Actually, mountain bikes are harder to climb with, i know this first hand; that's how i ended up with a road bike, it was night and day.

Yeah, we stopped at the casita too, the tecate was refreshing with lime juice and salt. I just checked my computer, completed the trip in just under 4 hours.

I made a mistake by not bringing poweraid on the ride, just plain water. I developed a slight cramp, sat out out for about 10 mins. My calf was moving like a scene from Aliens.


----------



## MTBMaven (Dec 17, 2005)

vpkb said:


> I made a mistake by not bringing poweraid on the ride, just plain water. I developed a slight cramp, sat out out for about 10 mins. My calf was moving like a scene from Aliens.

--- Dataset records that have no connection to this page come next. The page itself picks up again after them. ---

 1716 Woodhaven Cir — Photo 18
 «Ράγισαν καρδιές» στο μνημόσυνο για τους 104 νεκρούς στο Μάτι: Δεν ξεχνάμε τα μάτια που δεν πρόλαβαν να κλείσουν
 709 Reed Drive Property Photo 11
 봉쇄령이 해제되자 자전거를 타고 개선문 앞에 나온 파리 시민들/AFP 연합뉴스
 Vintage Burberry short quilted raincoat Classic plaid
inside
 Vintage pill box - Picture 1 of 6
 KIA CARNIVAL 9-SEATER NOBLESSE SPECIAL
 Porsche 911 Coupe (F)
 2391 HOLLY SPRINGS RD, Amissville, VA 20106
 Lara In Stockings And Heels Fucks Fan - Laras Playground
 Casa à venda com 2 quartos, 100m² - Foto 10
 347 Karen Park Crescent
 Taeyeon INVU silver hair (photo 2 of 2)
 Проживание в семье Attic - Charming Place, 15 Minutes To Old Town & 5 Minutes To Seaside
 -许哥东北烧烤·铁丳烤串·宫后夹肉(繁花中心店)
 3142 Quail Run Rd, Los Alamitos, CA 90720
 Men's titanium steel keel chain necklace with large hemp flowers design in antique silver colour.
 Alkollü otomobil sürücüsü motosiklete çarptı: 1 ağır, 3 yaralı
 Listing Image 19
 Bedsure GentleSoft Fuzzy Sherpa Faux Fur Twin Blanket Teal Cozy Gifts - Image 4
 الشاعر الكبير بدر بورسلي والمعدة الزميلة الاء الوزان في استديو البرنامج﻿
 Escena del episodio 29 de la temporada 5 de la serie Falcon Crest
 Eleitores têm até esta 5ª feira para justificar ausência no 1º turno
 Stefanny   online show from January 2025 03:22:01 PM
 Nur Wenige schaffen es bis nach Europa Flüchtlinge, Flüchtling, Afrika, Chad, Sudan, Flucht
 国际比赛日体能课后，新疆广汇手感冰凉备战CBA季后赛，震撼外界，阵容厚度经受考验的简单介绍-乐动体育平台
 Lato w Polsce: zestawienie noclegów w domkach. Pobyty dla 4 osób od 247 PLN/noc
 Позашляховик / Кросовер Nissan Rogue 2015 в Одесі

This can be remedied in the future by adding a little salt to your water. Add a splash of power aid or other drink. There are plenty of other electrolyte replacement products on the market. On long rides electrolyte replenishment is key or else you will get cramps.


----------



## Hollywood (Jan 16, 2003)

salt on the rim of a margarita also helps...





MTBMaven said:


> This can be remedied in the future by adding a little salt to your water. Add a splash of power aid or other drink. There are plenty of other electrolyte replacement products on the market. On long rides electrolyte replenishment is key or else you will get cramps.


----------



## J.D. (Jun 9, 2007)

What a great time!! Best ever, last time I made it in at 2:39 and this time I pulled it off in 2:36. What a freakin side wind, the last 15 miles I was getting blown away. Can't wait until next year!

JD


----------



## Hollywood (Jan 16, 2003)

J.D. said:


> What a great time!! Best ever, last time I made it in at 2:39 and this time I pulled it off in 2:36. What a freakin side wind, the last 15 miles I was getting blown away. Can't wait until next year!


wait, so you didn't stop for beer??? _no comprende_

try the sidewind with 4-blade Spinergys. I was freakin changing lanes every time there was a gust. White-knuckler of a downhill!


----------



## J.D. (Jun 9, 2007)

Hollywood said:


> wait, so you didn't stop for beer??? _no comprende_
> 
> try the sidewind with 4-blade Spinergys. I was freakin changing lanes every time there was a gust. White-knuckler of a downhill!


No I made it a 50 mile time trial so that I could get a good table, good beer, and a good taco a lot sooner. We made a deal though, 1st one in buys the beer, so I left broke 

And yea the wind was crazy. They must of been really ban on the Spinergy. I was riding a set of Fulcrum R1's and sometimes it would hit the blades just right and it was pretty freaky. What a great time though. Except the border part coming back. 2HRS!!! To get from Rosorito beach Hotel to the US

JD


----------



## J.D. (Jun 9, 2007)

O'ya one more thing. When I got to the top of the last hill (4 miles my ass) there was a guy in front of me that pucked, swerved left, went off the shoulder, hit some sand, and dropped like a bowling ball. He wasn't able to click out in time. I've never seen so much fluid come out of one persons mouth in my life, You could tell it was a total beer puke because there was no food just pure liquid. I yelled "are you ok"? and he said ya in the most hung over voice I've ever heard. I decided to hold off on the drinking until after the ride instead of before, and after that I was glad I did.


----------



## Hollywood (Jan 16, 2003)

J.D. said:


> Except the border part coming back. 2HRS!!! To get from Rosorito beach Hotel to the US


same here. Sucked. Next year with passports should be even better. 

I downed a margarita right at the base of the first climb. About half way up I starting thinking maybe that wasn't such a great idea after all. Made it ok without hurling tho


----------



## vpkb (Jul 30, 2007)

MTBMaven said:


> This can be remedied in the future by adding a little salt to your water. Add a splash of power aid or other drink. There are plenty of other electrolyte replacement products on the market. On long rides electrolyte replenishment is key or else you will get cramps.


I had plenty of salt with my Tecate. Maybe i'll try the electrolyte replacement products next year.


----------